Phil missed the leash, so instead he shifted his grip on the fire extinguisher, pointing the hose right at the jutting-out bit of blob, and squeezed the trigger. The rush of sound and cloud of chemicals startled the dog to silence, and then the blob sort of…groaned. He squeezed another short blast, and the leading edge dropped back a few feet, turning pink. Finally, something was working! He looked around for someone to tell, wished for a working earpiece, or maybe some flags so he could do semaphore. The dog, apparently as shocked as he was, backed up, and Phil managed to catch the leash and drag it up the beach. He waved his fire extinguisher overhead, in case someone—a helicopter or maybe someone with insane eyesight—might get the message.

He got a ragged cheer from the crowd of onlookers, one of whom rushed forward to grab the dog's leash. Phil ignored the offered handshake, and turned his attention back to the fight. The blob was advancing again, but he thought the pink part was slower. Maybe injured, but certainly not out of it. Hefting the extinguisher, he figured he had maybe one long or two short blasts left, and then he'd be back in the same situation if something didn't change, and quickly. The only card he had left to play was the ball of wire, purpose unknown. He untwisted a few feet of it, light but sturdy; he bent a length of it out into a point. There was really nothing for it but to try. He extended the point as far as he could before it started to bend under its weight, about a yard. Closer than he really wanted to be to the damn thing, if he'd had any choice about it at all. Right.

Tucking the wire under his jacket so he had both hands free, Phil set off again down the beach, not as far a hike this time, and that was its own worry. He paused when he was close enough to feel the heat of it, hoping that this wasn't as stupid a move as he thought it was going to be. He sprayed first, one long blast, tracking along the face of it in front of him until the fire extinguisher sputtered and died. Tossing it aside, he pulled out his pointy wire, took a moment to breathe, reached to the very length of his arm, and stabbed it a few inches into the blob.

It exploded.

Phil slammed hard into the beach, back and then head, and his vision went bright and blurry.

Some time… seconds? minutes? later he propped himself up on one elbow, then both, and looked around. There was no blast crater. He looked down at his shirt: no blood, but there was a tingle from his left shoulder to his fingertips. Not an explosion, then, maybe some kind of electrical discharge. He looked further; the blob was still there, but something had clearly made a difference. There was a section five or six feet wide that was black.

A low rumbling built to a loud roar as a huge plane hove into sight. Flying low, probably under a hundred feet, a C130 showing its age and plenty of wear turned to follow the coastline. Vents on the belly were already open, and as he watched a cloud of orange chemicals poured out. Someone *had* been watching, and gotten the message. The plane continued south, and all along its path the blob seemed to flinch back. But the part right in front of Phil, where he'd stabbed it, didn't flinch. It was still. Damaged, maybe even dead. The bits to either side were pulsing, maybe even trying to ooze forward again, but they were apparently stuck.

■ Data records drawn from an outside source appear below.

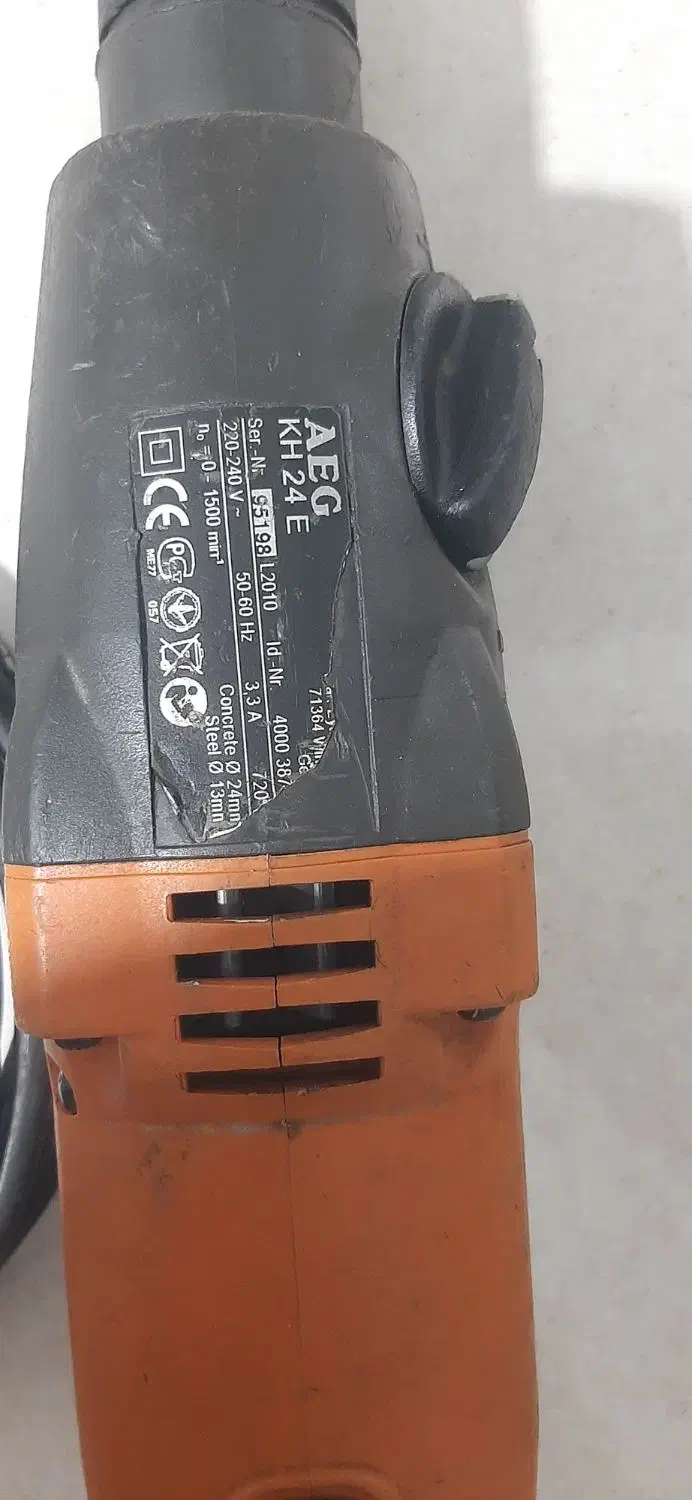 هیلتی AEG|ابزارآلات|کرمانشاه, |دیوار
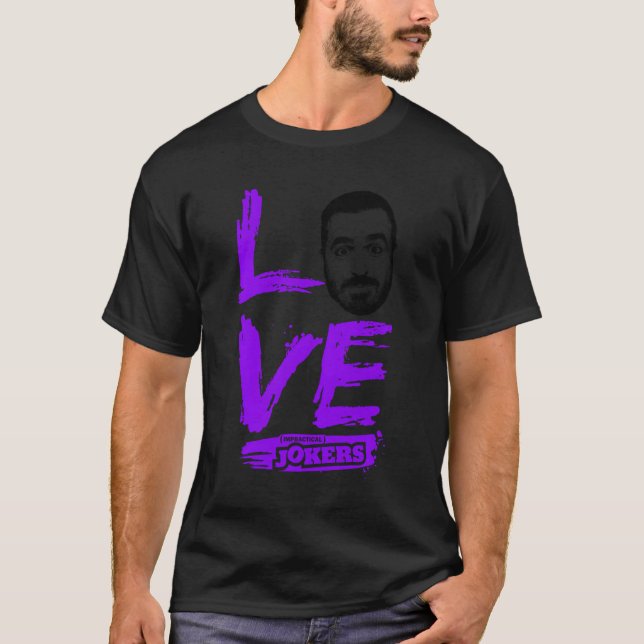 Love Q T-Shirt (Front)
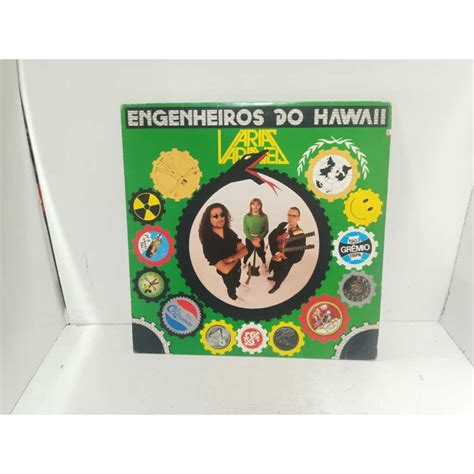 LP ENGENHEIROS DO HAWAII VARIAS VARIAVEIS Shopee Brasil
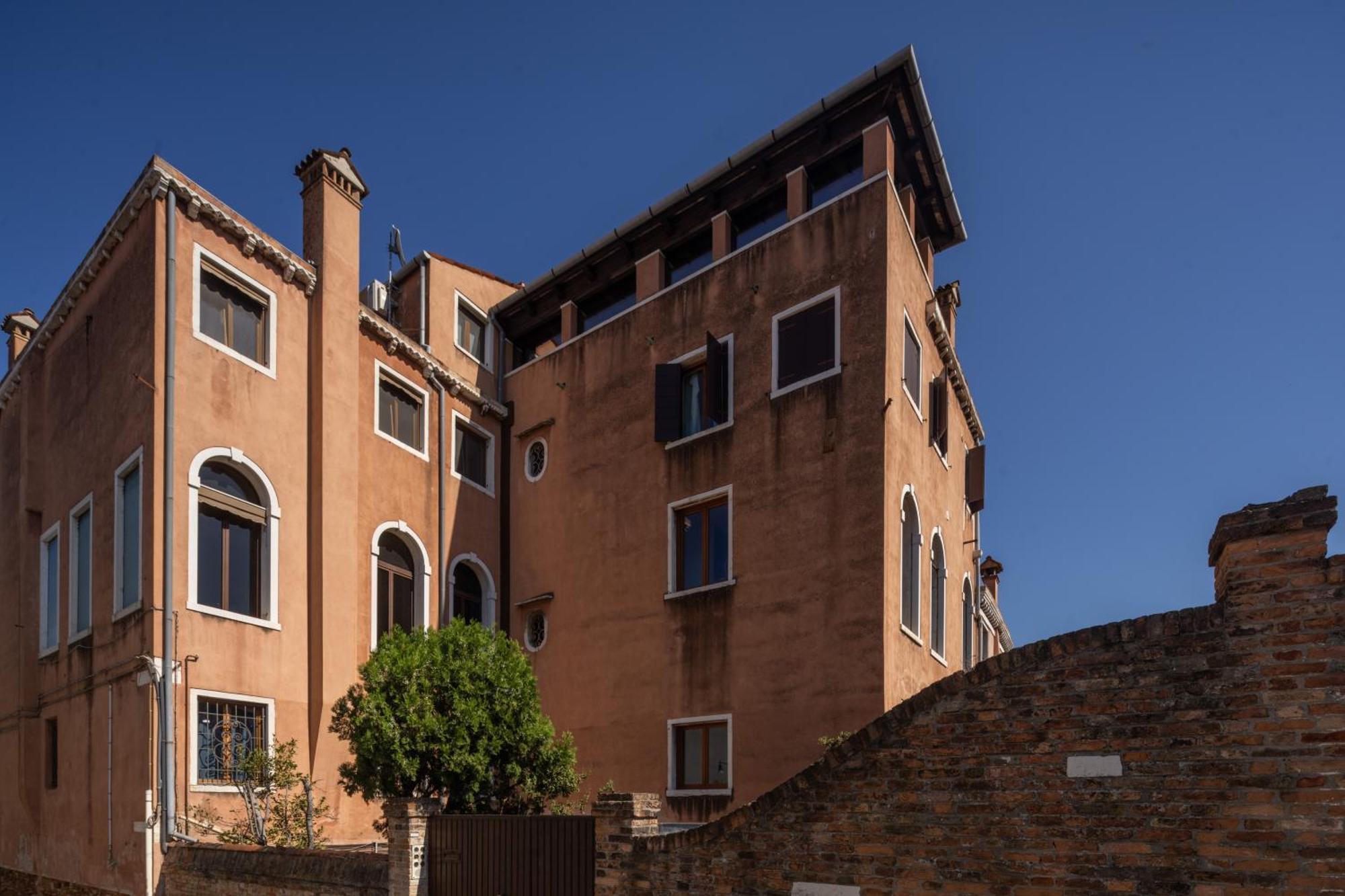 Santa Croce Design Apartment R&R Венеція Екстер'єр фото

Phil pawed around on the sand until he came up with the wire. Stabbing it was right out, but maybe he could snare it. Well, not snare exactly, but— He unwound more of the ball of wire as he approached, cautious in case it had some way to recognize him or the threat the wire presented. But it really did seem to be stuck by the burnt part, even as a tendril further up the beach was moving forward again.

He laid the wire down like a tiny fence, unrolling it along the leading edge of the blob until he ran out. It was maybe thirty yards when he was done, with the little beads glinting in the sunlight, and Phil backed away carefully, wanting to see if the weird wire would do it again.

It did.

One of the tendrils touched the filament, and it was like watching a downed power line. Sparks flew, the wire jumped and writhed like a snake, and a bit of the blob seemed to die. But it didn't learn, and the next bit, ten feet down the line, tried to cross again, with the same result. Fantastic, but what the hell was going to happen at both ends of the wire?

He was trying to figure out if he could extract the wire, and maybe drag it further down the beach to try again, except that he didn't really want to go through that sort-of-explosion thing again. Then Thor was in the sky overhead, sending bolts of lightning down, followed by a Blackhawk helicopter raining electric arrows out the open door in the fuselage.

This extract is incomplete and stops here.